Data section section start

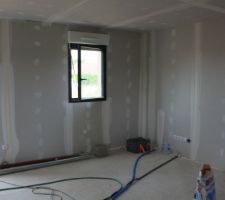 Les bandes sont en cours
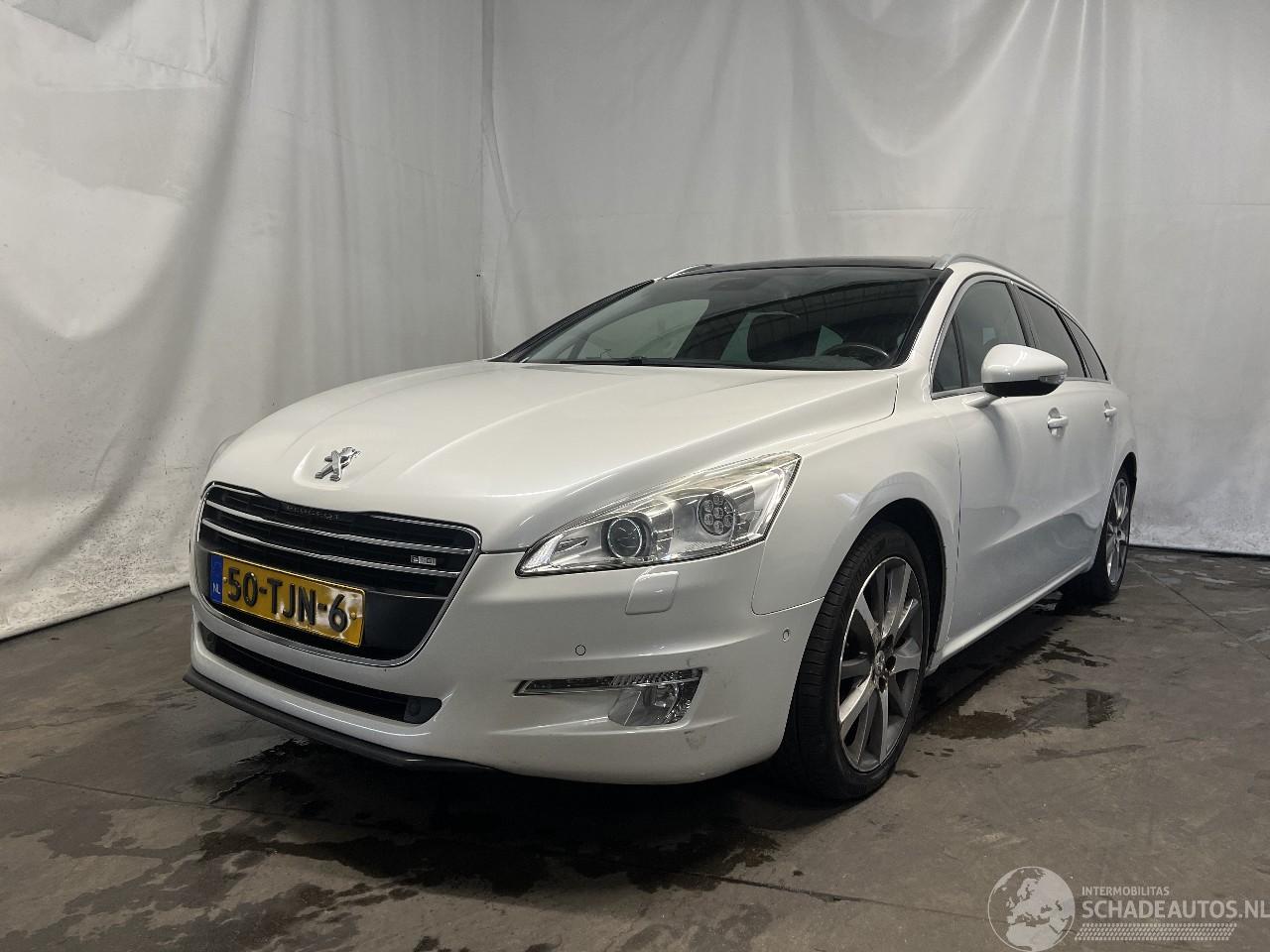 Peugeot 508 508 SW (8E/8U) Combi 1.6 e-HDi 16V (DV6C(9HR)) [82kW]  (11-2010/12-201=
8)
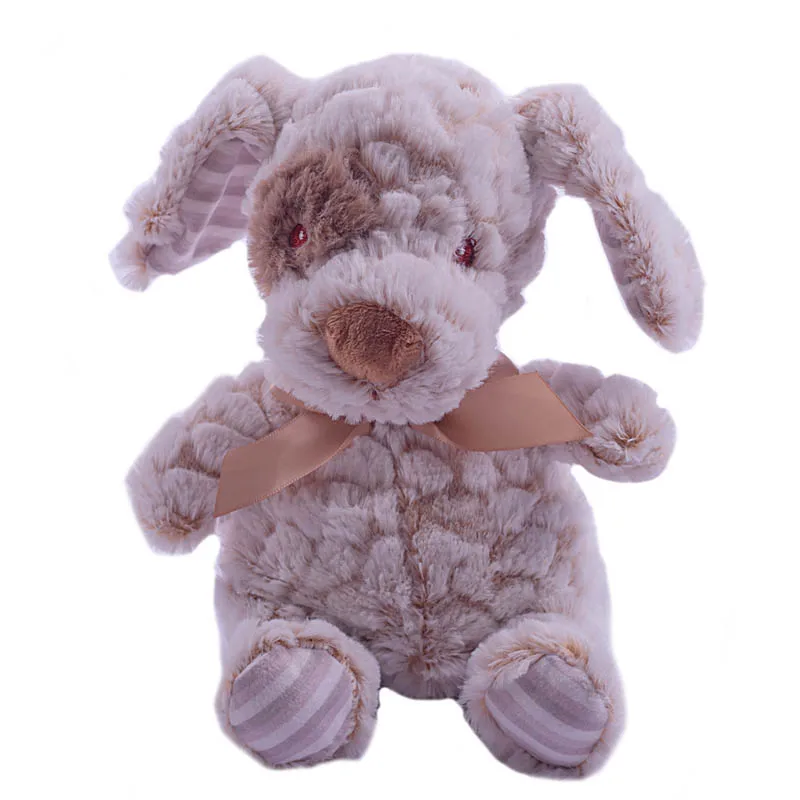 Высокое Качество плюшевый медведь плюшевые игрушки слон Кролик Собака овец Мини Мягкая Животные куклы для детей на день рождения, рождественский подарок, 20 см - Цвет: dog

Data section section end

> _Task item_: Leaving the pictures aside, transcribe the entire listing exactly.

> _Problem solution_:
 Les bandes sont en cours
 Peugeot 508 508 SW (8E/8U) Combi 1.6 e-HDi 16V (DV6C(9HR)) [82kW]  (11-2010/12-201=
8)
 Высокое Качество плюшевый медведь плюшевые игрушки слон Кролик Собака овец Мини Мягкая Животные куклы для детей на день рождения, рождественский подарок, 20 см - Цвет: dog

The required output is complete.